Work required: Return the lines beginning at the one that contains "can nootropics replace therapy for stress" and running to the end of the records, exactly and with nothing else. Omit pictures.
═══ Material to process
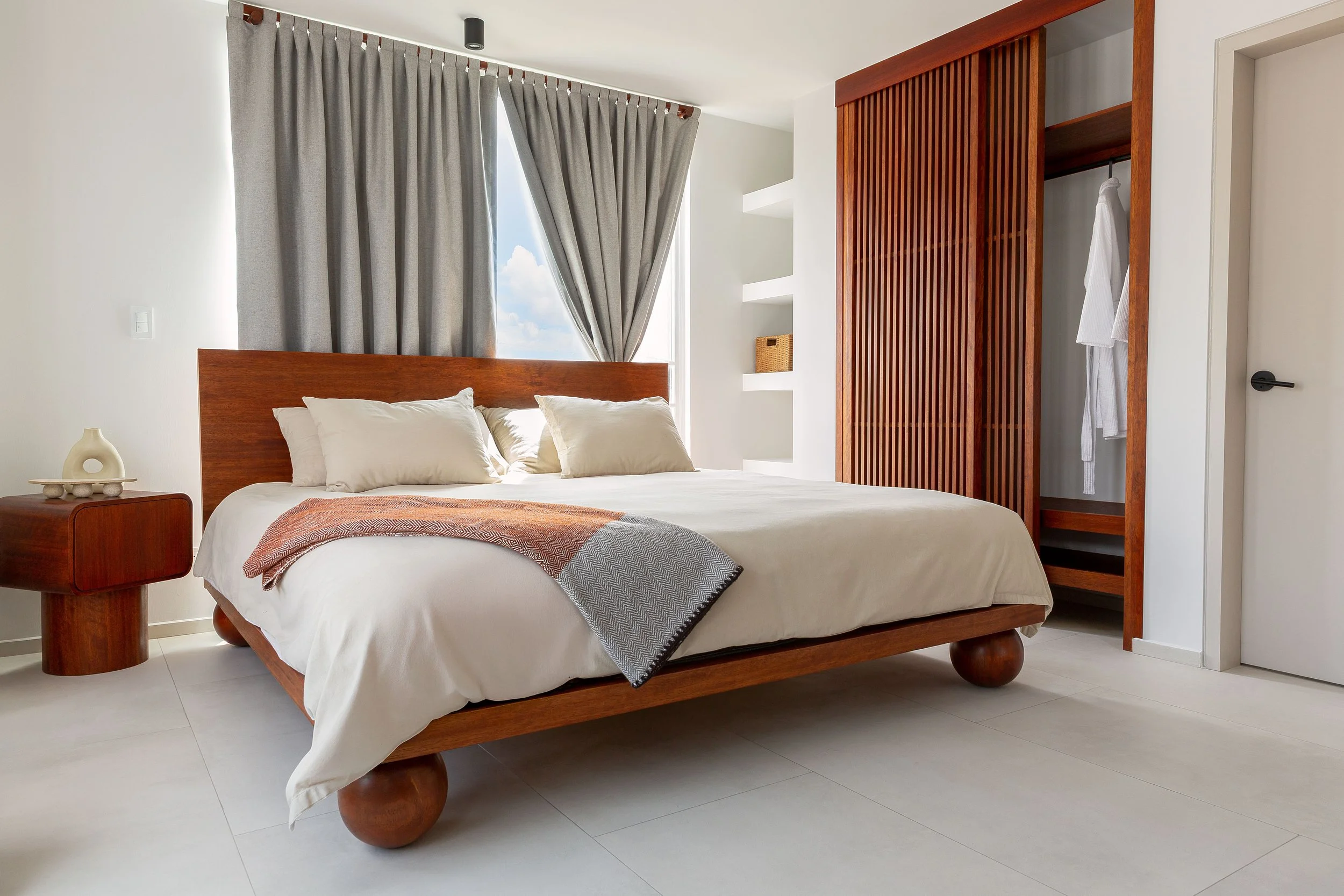 CASA-R CORREGIDA-1-min.jpg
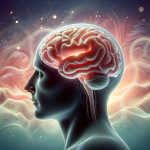 can nootropics replace therapy for stress
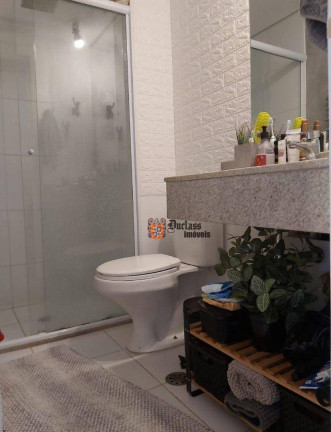 Imagem Studio com 1 Quarto à Venda, 42 m² em Bela Vista - São Paulo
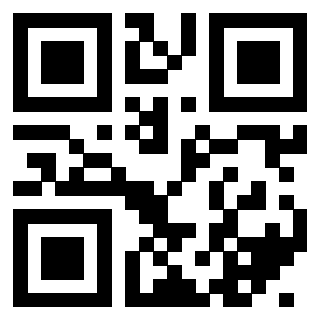 QrCode di 3404356213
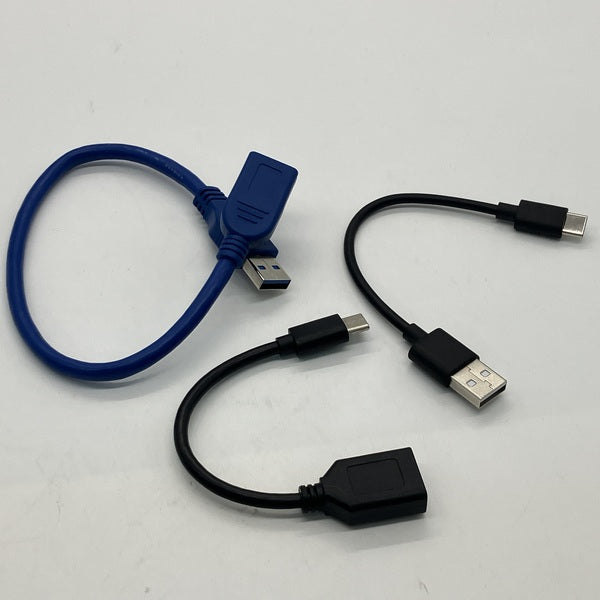 【中古】hip-dac2【秋葉原】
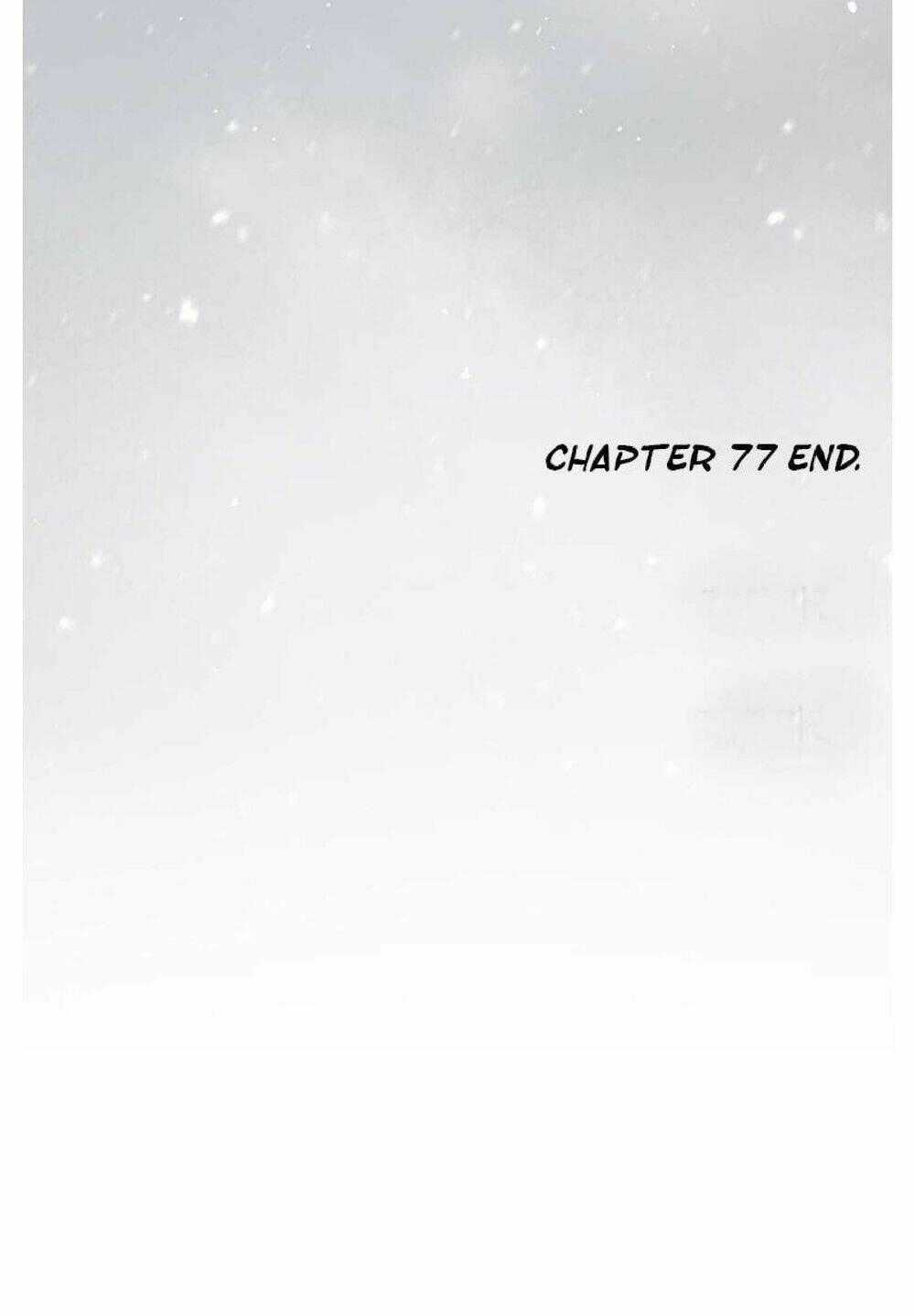 Mùa Đông Tăm Tối Chapter 82 trang 69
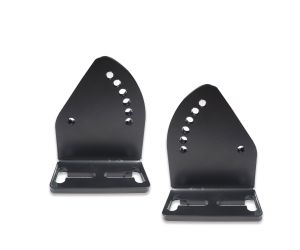 SR-DA1 Direksiyon Açı Ayar Aparatı (Mounting Brackets)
══════
Exercise response:
 can nootropics replace therapy for stress
 Imagem Studio com 1 Quarto à Venda, 42 m² em Bela Vista - São Paulo
 QrCode di 3404356213
 【中古】hip-dac2【秋葉原】
 Mùa Đông Tăm Tối Chapter 82 trang 69
 SR-DA1 Direksiyon Açı Ayar Aparatı (Mounting Brackets)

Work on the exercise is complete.